United Way of Battlement to the Bells is one of 14 chapters statewide. The group adopted its new name in 2015 in order to better reflect its service area.
“We no longer felt United Way of Garfield County represented us, because we now serve an area covering not only Garfield but portions of Pitkin, Eagle and even Gunnison counties,” Barr said. “That’s Battlement Mesa through Glenwood Springs, up the Crystal River valley to Marble, and all along Highway 82 from Carbondale to Aspen. We also work very closely with other regional chapters such as United Way Eagle River Valley.”
Barr wears many hats, and draws upon her multifaceted professional experiences to keep the local chapter running. Operating out of a small office inside Defiance Church, the Nebraska native comes to the job with a background in nonprofit management, journalism, marketing and public relations.

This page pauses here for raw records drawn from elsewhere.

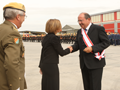 Juan Manuel Suárez del Toro Rivero, presidente de Cruz Roja española, le ha sido impuesta la Gran Cruz del Mérito Aeronáutico con distintivo Blanco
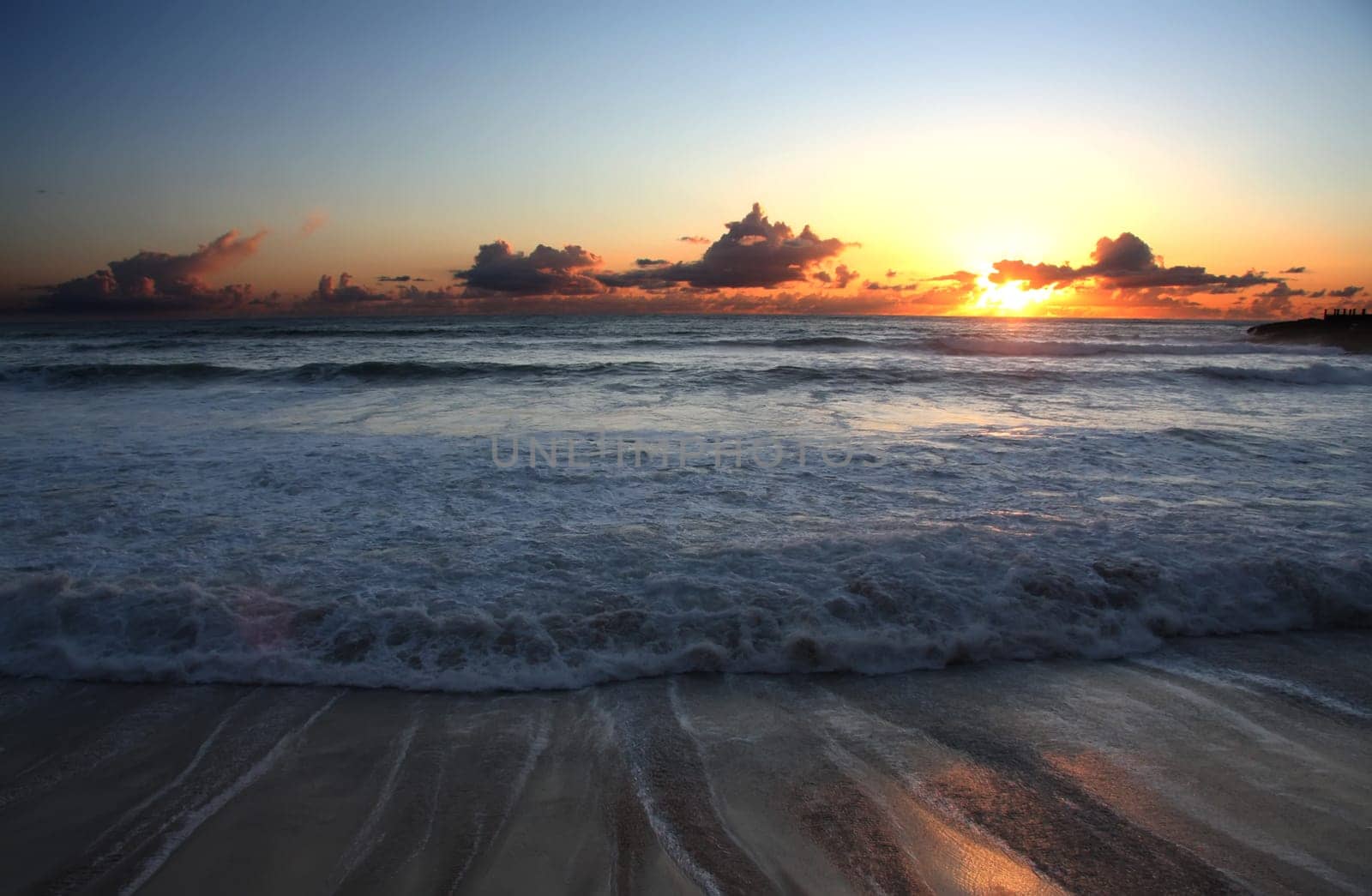 sunset beach
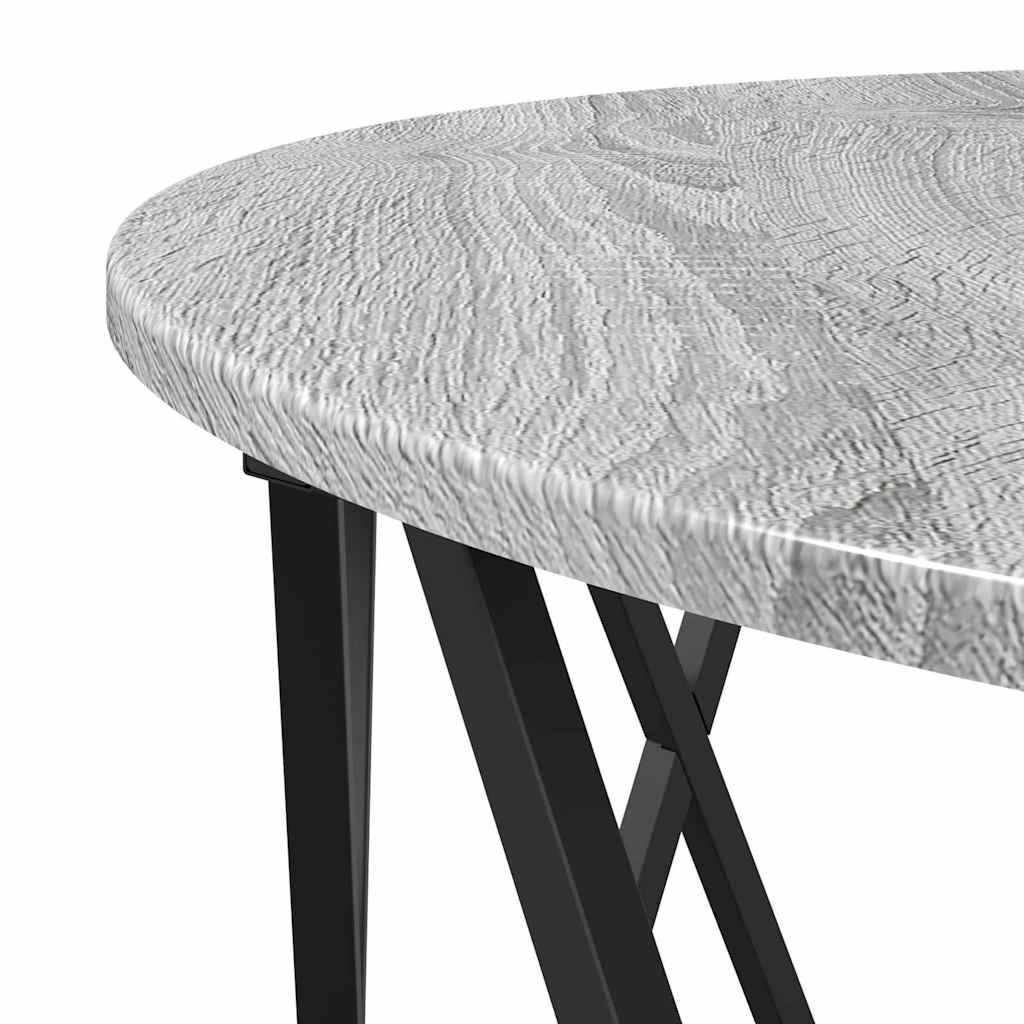 Couchtisch Graues Sonoma 80 x 80 x 42 cm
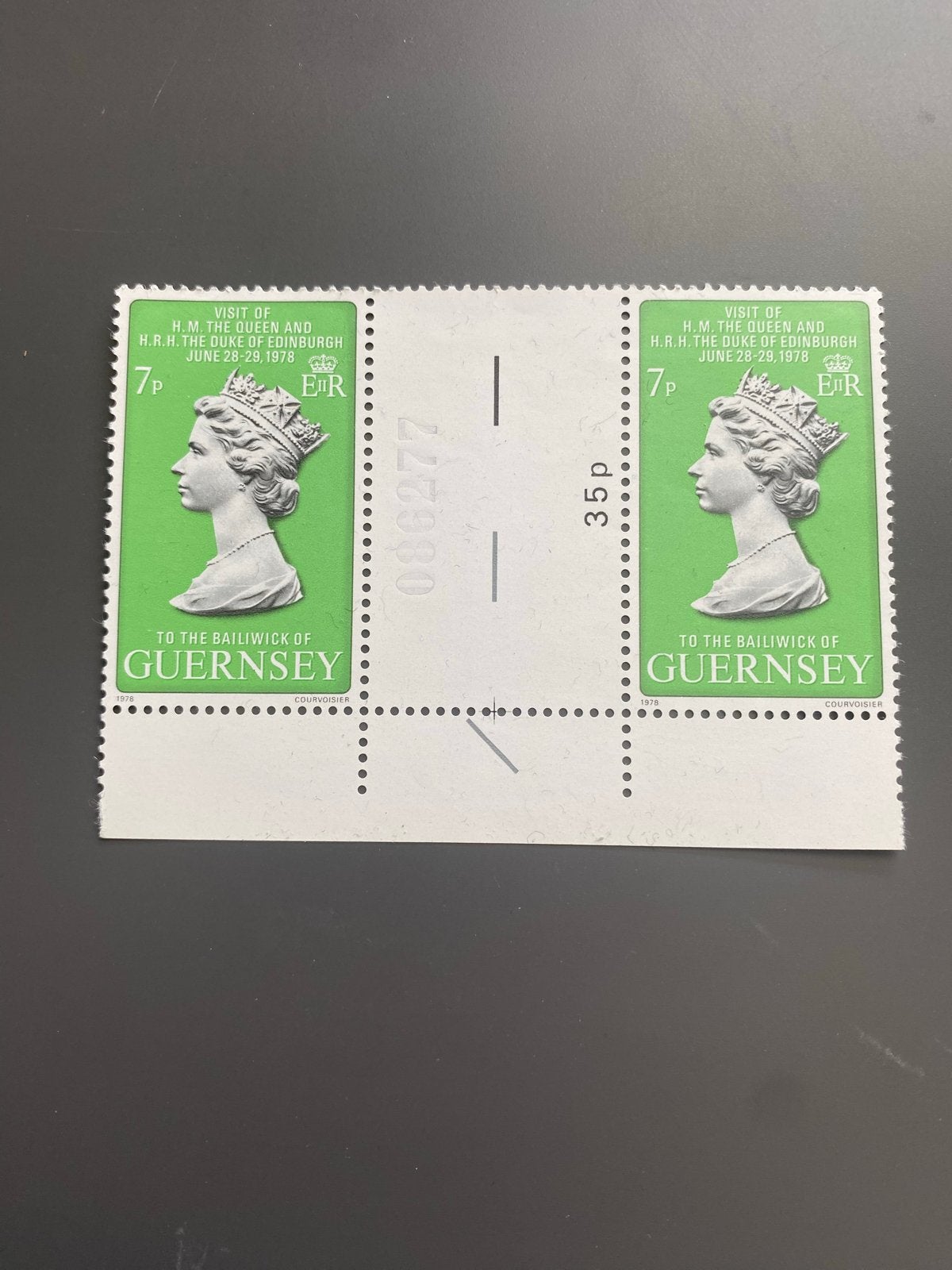 Postzegels Guernsey 1978 - Koningin Elizabeth II postfris, Ophalen of Verzenden, Overige landen, Postfris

Prior to assuming her current role, Barr led her own firm called Marr Barr Communications, and worked for Boulder-based Horizon Organic Dairy as vice president of corporate communications and investor relations. She also spent much of the 1980s and early ‘90s living in New York City, where she served as director of the Good Housekeeping Institute.
“Also, when I worked at Good Housekeeping, my team got involved with the Susan G. Komen Breast Cancer Foundation, and we founded the New York Race for the Cure,” recalled Barr, who is a breast cancer survivor. “So I’ve been involved with nonprofit work in some form or fashion for many years.”
Looking ahead, Barr hopes to continue and expand many ongoing United Way projects but also foster a greater spirit of volunteerism within the community. She hosts a monthly program on Carbondale’s KDNK community radio station called “Get Connected,” when she highlights the work of other nonprofits and their available volunteer opportunities.
Barr also is working to bring the Americorps VISTA program to the valley — hopefully by May.
“VISTA stands for Volunteers in Service to America,” she said. “It’s a federal program that functions kind of like the Peace Corps, except in the U.S. If we’re accepted, I would oversee 10 VISTA volunteers who would commit to a year-long term of service here in the valley by working with our nonprofits. Some of our local organizations don’t even have the budget for a person to answer the phone, so VISTA volunteers could help solve those types of issues for them.”
As the season of charitable holiday giving and fundraising draws near, United Way of Battlement to the Bells is planning to hold its annual fundraiser, Skier Appreciation Day, at Sunlight Mountain Resort. The 2017 event is scheduled for Friday, Jan. 6, and features $20 lift tickets, a costume contest and prize drawings.
Ever passionate about the impact of local organizations and local giving, Barr’s motto is simple: “Money raised here stays here,” she said. “We estimate that local donations have a seven-fold impact within the area — which helps us work toward our mission of changing our community for good.”